## [PROBLEM TO SOLVE]
Should the entries contain pictures, leave them out and return exactly the lines from the first through the line holding "Remember we said".

[Data excerpts]
§ §

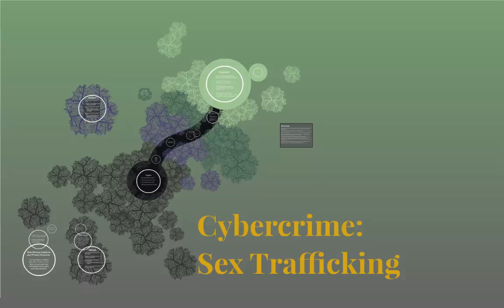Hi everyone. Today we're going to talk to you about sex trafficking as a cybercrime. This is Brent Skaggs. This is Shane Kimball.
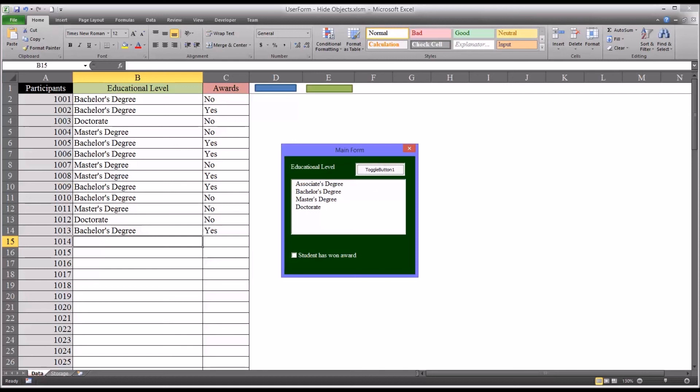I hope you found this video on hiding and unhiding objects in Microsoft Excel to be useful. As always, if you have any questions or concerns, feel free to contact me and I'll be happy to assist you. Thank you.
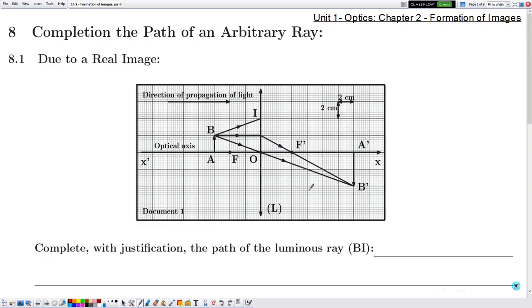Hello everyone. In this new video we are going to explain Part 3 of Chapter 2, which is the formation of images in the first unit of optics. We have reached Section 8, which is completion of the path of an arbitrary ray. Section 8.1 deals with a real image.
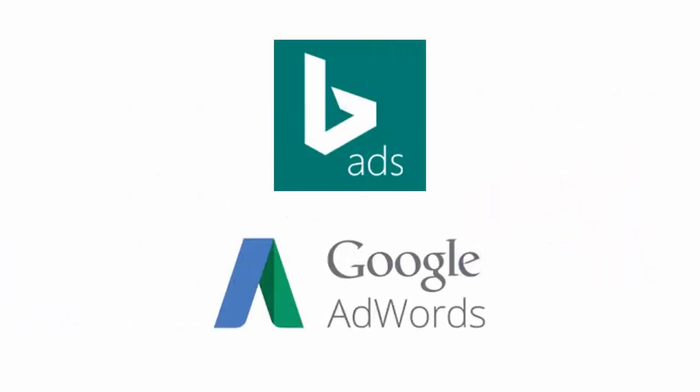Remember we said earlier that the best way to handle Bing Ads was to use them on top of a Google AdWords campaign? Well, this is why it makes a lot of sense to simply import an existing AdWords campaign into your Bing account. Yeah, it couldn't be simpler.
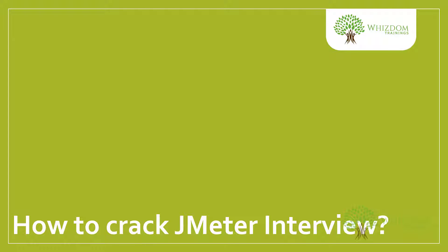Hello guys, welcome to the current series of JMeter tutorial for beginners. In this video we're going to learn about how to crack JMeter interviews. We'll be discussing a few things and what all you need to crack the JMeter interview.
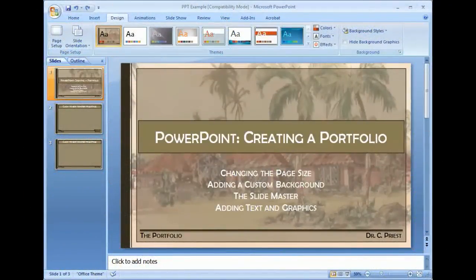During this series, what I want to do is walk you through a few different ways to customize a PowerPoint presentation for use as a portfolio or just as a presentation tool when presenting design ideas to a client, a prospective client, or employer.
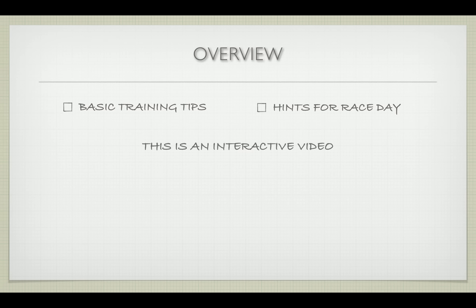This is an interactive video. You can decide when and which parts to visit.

§ §

## [OUTPUT FOR THIS EXERCISE]
Hi everyone. Today we're going to talk to you about sex trafficking as a cybercrime. This is Brent Skaggs. This is Shane Kimball.
I hope you found this video on hiding and unhiding objects in Microsoft Excel to be useful. As always, if you have any questions or concerns, feel free to contact me and I'll be happy to assist you. Thank you.
Hello everyone. In this new video we are going to explain Part 3 of Chapter 2, which is the formation of images in the first unit of optics. We have reached Section 8, which is completion of the path of an arbitrary ray. Section 8.1 deals with a real image.
Remember we said earlier that the best way to handle Bing Ads was to use them on top of a Google AdWords campaign? Well, this is why it makes a lot of sense to simply import an existing AdWords campaign into your Bing account. Yeah, it couldn't be simpler.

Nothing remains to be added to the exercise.